Actually, there isn't a ghost in the Barack Obama "Bittergate" fuss. The religion element has been right there front and center (or to the left of center) all along. In case you have been on another planet and have not memorized the quotation, the Democratic front runner said, speaking of working-class people:
"And it's not surprising then that they get bitter, they cling to guns or religion or antipathy to people who aren't like them or anti-immigrant sentiment or anti-trade sentiment as a way to explain their frustrations."
So if you go to Google News right now and search for a logical set of words -- perhaps "bitter," "religion" and "Obama" -- you end up with a swarm of stories and columns. No surprise. There's no way to take the religion question out of this brouhaha.
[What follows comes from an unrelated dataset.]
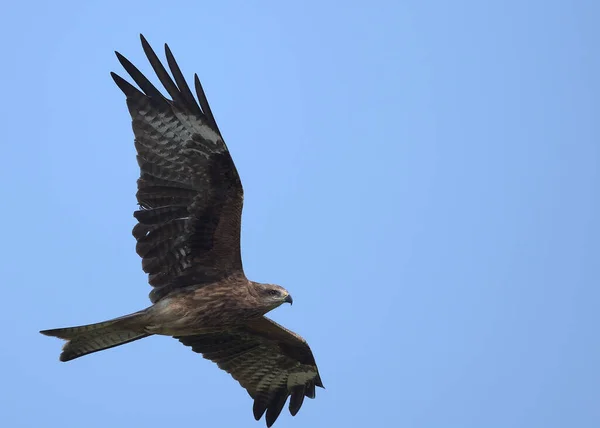 Schwarzmilan Fliegt Bei Blauem Himmel Thailand — Stockfoto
Of course, Bill and Hillary Clinton, as well as Obama, are already known as churchgoers, in a way progressive oldline Protestant context. Everyone knows that they are pro-religion and active believers.
So the story evolved. Before long, it turned into a debate about another crucial political word -- elitism. Suddenly, the senator who endured Arkansas before ascending to Washington, D.C., and then New York was tossing back shots and talking about shooting guns. Obama was trying to bowl. I expect, any day now, one of them to claim "Fanfare for the Common Man" as a campaign theme. Wait! That's classical music. Sorry.
So this was too much for the elite folks at the Washington Post Style section, which led to reporter Paul Farhi's piece entitled " 'Elitist': The Rarefied Term That's a Low Blow." The article starts off strong:
Other than being called a criminal, a philanderer or a terrorist sympathizer, is there an accusation in American politics worse than being branded an "elitist"?
The word supposes something fundamentally effete and out of touch, a whiff of brie and latte. There's something about it that grates against our Jacksonian, egalitarian self-image.
Barack Obama invited his opponents and the media, um, elite to wheel out the evil E last week by suggesting that some people in small towns "cling" to guns and religion, among other things, because of their embitterment. The comment created a rare moment of common cause for Hillary Clinton and Rush Limbaugh, both of whom characterized Obama's comment as "elitist."
So the religious element is in there at the start.
Now read the rest of the piece. The quest for the populist touch wanders all over the place, but it never returns to home base. We cover beer vs. merlot, corn dogs vs. country clubs, bowling vs. windsurfing, ranches vs. estates and all kinds of other things. We gain this insight, noting that "elitist" has more to do with what's between your ears than in your wallet.
Donald Trump has money, but few think "elitist" when thinking of Trump. Elitism is instead an attitude, a demeanor, a vocabulary, a self-possessed air. It suggests condescension and contempt, a lack of empathy, an arrogant aloofness.
Admittedly, it's a fine line. It's okay to be perceived as smart (Bill Clinton) but it's not okay to be perceived as bookish and intellectual (Adlai Stevenson). And it's okay to be elite. Olympic athletes are elite, as are Marines and Navy SEALs. But it's not okay to be insufferably proud of your elite skills, which is just obnoxious.
There is even this laugh-out-loud howler that shows how little the Style folks know about the latte liberal zones of the Midwest and Southwest. If you live in Texas, you'll want to read this one sitting down.
Some liberal college towns are caricatured as elitist (Cambridge, Berkeley) but other liberal college towns (Madison, Austin) are not.
The essay goes all over the place, but avoids the actual issues at the heart of the Bittergate controversy itself, which is "guns" (code for rural) and "religion" (which, coming from a person who is a religious believer, must be a coded reference to a kind of religion that is dumb and sub-standard).